There was so much to his comments that were was cringe worthy.  There was a rant about how well "we" did with Blacks, with Latinos, with women, as if they were all huge supporters.  When an audience member apparently reacted vocally to his comment about women's support, and was in the process of being removed from the event, he commented "where do these people come from?  They should send her back to mommy."  This is a President?

Trump was immensely relishing his role as entertainer and rabble-rouser, as a celebrity playing to a willing crowd.  He loves attention.  We know that.  One could expect something better than that, but they would be wrong.

As Trump finished his half hour of bombast, the Rolling Stones song "You can't always get what you want" began on the speaker system.  That was the one completely true aspect of the presentation from a superficial point of view.  Does he have the Stones permission to use their music as an anthem for his stage persona?  Has he ever listened to the words beyond the title and the refrain?   Has he heard the words "practiced at the art of deception"?  The answer is almost certainly "no" to each of these questions.

The comment here is not a political party comment.  It is a comment about our democracy.  Trump is not part of our American tradition.  He has no understanding of it, none it sadly seems.

"The Trip to Echo Spring"

This book's additional title is "On Writers and Drinking".  It is written by Olivia Laing, a British journalist who has worked for "The Observer" and writes for "The Guardian", "Granta", and other publications.  It was published in 2013, so this comment is late to the party.

While many writers are mentioned in this book, it focuses primarily on six --- F. Scott Fitzgerald, Ernest Hemingway, Tennessee Williams, John Cheever, John Berryman, and Raymond Carver.  There is interesting commentary about the lives of these writers, their relationships, their travels and domiciles, the arc of their careers, and the situations that led to their finest writing.

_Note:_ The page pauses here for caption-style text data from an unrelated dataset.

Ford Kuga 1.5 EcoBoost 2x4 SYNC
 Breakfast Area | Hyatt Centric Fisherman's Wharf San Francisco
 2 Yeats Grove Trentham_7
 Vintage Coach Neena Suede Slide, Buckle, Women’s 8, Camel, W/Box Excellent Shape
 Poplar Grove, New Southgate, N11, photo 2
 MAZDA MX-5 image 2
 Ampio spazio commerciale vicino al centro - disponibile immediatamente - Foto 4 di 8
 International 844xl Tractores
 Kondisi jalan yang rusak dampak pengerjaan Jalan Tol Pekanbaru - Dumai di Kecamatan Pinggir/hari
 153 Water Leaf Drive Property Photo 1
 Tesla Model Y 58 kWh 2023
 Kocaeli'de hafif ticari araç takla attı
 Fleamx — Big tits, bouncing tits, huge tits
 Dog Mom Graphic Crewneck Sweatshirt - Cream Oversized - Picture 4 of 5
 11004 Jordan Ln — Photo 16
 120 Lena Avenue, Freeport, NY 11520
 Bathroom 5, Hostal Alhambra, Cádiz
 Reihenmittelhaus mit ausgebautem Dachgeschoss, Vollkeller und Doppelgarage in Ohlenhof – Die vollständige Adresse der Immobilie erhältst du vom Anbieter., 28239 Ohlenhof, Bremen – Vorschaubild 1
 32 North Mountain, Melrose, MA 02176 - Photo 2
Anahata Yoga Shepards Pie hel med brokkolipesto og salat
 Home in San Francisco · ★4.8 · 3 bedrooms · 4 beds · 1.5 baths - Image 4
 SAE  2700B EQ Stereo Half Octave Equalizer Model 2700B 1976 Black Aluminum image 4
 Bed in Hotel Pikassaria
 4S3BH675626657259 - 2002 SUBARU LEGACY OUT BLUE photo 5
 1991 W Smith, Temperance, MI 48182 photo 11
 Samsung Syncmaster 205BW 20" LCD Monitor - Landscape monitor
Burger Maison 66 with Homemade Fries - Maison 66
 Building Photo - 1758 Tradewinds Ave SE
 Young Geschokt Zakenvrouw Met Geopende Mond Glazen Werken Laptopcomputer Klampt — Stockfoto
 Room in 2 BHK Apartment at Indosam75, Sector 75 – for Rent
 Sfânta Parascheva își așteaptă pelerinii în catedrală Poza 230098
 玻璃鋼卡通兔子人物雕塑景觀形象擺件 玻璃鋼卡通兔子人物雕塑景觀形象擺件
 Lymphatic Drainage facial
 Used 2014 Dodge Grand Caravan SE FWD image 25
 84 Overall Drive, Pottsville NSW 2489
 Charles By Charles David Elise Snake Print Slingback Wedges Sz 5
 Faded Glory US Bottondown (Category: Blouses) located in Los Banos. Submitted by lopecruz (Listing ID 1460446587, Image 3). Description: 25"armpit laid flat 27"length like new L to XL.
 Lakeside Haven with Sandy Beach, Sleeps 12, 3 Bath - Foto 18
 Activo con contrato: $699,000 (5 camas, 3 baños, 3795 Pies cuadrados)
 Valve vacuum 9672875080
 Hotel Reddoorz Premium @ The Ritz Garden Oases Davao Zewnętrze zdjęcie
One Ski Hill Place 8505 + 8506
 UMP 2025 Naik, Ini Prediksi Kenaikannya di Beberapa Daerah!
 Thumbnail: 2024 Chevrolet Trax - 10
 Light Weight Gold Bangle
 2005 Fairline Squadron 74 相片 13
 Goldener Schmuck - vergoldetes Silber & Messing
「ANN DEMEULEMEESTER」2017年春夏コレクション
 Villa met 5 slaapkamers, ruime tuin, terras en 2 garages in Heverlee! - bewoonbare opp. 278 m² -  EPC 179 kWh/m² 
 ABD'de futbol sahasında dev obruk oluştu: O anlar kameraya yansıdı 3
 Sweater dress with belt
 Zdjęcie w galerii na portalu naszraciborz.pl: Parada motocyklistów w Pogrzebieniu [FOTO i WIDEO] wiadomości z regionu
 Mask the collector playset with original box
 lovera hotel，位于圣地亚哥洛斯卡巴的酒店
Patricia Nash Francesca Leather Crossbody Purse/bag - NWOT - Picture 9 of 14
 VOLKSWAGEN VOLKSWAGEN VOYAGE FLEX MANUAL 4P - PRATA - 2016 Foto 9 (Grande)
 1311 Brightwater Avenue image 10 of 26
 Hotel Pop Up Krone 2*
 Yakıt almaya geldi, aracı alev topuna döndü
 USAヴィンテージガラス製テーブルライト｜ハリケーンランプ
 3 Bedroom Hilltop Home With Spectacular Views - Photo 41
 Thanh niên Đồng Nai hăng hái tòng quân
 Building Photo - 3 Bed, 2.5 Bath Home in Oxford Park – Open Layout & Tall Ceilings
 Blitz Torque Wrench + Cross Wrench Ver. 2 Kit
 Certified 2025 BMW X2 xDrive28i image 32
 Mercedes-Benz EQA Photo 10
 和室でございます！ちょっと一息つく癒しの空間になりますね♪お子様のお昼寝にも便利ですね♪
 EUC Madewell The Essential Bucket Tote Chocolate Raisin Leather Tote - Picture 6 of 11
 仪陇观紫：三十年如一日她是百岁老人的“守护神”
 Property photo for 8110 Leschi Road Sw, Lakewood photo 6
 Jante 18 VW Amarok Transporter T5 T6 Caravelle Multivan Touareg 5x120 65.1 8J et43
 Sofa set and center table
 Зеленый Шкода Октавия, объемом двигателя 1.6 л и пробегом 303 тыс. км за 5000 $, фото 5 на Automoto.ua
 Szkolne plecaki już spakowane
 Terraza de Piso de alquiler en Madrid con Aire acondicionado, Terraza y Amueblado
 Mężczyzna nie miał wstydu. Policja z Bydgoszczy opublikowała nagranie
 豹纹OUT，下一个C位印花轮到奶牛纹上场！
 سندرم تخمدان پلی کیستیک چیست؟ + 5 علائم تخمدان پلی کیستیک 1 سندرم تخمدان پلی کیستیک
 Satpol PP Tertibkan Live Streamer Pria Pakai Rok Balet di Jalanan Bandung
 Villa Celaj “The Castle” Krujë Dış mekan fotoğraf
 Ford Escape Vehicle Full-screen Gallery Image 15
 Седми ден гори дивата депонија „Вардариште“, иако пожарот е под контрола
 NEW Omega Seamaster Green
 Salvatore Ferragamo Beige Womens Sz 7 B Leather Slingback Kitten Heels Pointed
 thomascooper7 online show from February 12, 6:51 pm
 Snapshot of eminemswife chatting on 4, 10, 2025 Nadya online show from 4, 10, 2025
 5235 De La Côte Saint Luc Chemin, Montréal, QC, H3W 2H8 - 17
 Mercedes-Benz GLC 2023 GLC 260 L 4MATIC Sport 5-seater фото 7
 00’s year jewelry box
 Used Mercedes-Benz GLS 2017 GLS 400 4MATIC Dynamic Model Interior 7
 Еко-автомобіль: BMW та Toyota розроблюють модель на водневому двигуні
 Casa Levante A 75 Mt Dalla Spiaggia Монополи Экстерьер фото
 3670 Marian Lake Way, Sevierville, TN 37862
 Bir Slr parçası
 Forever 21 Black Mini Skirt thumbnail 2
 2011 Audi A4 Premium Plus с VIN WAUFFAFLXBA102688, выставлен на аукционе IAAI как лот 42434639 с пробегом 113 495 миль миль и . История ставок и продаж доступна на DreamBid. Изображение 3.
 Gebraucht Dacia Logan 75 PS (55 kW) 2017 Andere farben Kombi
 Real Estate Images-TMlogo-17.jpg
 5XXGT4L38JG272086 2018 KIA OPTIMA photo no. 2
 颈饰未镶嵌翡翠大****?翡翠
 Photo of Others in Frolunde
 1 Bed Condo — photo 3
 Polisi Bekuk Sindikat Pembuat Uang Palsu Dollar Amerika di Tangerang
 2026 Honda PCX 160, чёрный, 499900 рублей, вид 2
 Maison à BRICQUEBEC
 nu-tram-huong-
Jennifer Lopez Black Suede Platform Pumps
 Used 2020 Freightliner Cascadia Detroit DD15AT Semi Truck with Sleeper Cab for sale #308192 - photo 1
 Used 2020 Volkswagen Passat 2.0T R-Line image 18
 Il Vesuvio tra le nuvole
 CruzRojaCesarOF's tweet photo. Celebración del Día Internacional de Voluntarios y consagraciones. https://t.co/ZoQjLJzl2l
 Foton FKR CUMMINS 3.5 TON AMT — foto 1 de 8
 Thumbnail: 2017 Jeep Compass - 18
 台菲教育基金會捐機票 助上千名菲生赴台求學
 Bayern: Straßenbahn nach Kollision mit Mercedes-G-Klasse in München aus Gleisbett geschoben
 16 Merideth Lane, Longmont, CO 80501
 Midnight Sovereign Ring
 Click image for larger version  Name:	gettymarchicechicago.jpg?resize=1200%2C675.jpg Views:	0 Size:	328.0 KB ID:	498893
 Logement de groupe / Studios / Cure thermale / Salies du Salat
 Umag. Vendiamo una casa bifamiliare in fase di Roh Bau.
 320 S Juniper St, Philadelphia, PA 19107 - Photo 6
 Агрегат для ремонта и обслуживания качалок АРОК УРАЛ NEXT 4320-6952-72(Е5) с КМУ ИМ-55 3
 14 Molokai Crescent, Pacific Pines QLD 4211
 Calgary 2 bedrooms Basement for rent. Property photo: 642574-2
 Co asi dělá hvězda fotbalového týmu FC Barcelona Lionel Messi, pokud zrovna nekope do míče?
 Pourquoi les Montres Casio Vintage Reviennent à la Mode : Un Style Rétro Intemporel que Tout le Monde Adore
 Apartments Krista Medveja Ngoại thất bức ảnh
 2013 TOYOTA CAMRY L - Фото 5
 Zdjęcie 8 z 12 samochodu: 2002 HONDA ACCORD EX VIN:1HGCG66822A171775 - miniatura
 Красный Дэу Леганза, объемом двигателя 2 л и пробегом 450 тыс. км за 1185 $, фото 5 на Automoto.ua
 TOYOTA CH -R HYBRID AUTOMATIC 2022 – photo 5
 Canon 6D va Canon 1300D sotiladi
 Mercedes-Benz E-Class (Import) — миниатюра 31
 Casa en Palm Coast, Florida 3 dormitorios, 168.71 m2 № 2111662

The common theme connecting this tale is the alcoholism of each of them.  They all were fueled by and tortured by the condition.  Only two ever reached any lasting recovery, and that was late in the lives of Cheever and Carver.  Hemingway and Berryman were suicides, Fitzgerald died of a heart attack at an early age, and Williams of alcohol and pills after surviving in a diminished state until his early seventies.  In general, their lives were difficult despite their success.  That is an understatement.

The author, Laing, intersperces stories of her own life and the travels that she took across America while doing research for the book.  At times, her story became intertwined with the theme of the book in an unusual way, occasionally almost confusing and at other times extremely well done and entertaining.

For those with an interest, this is an informative and insightful work.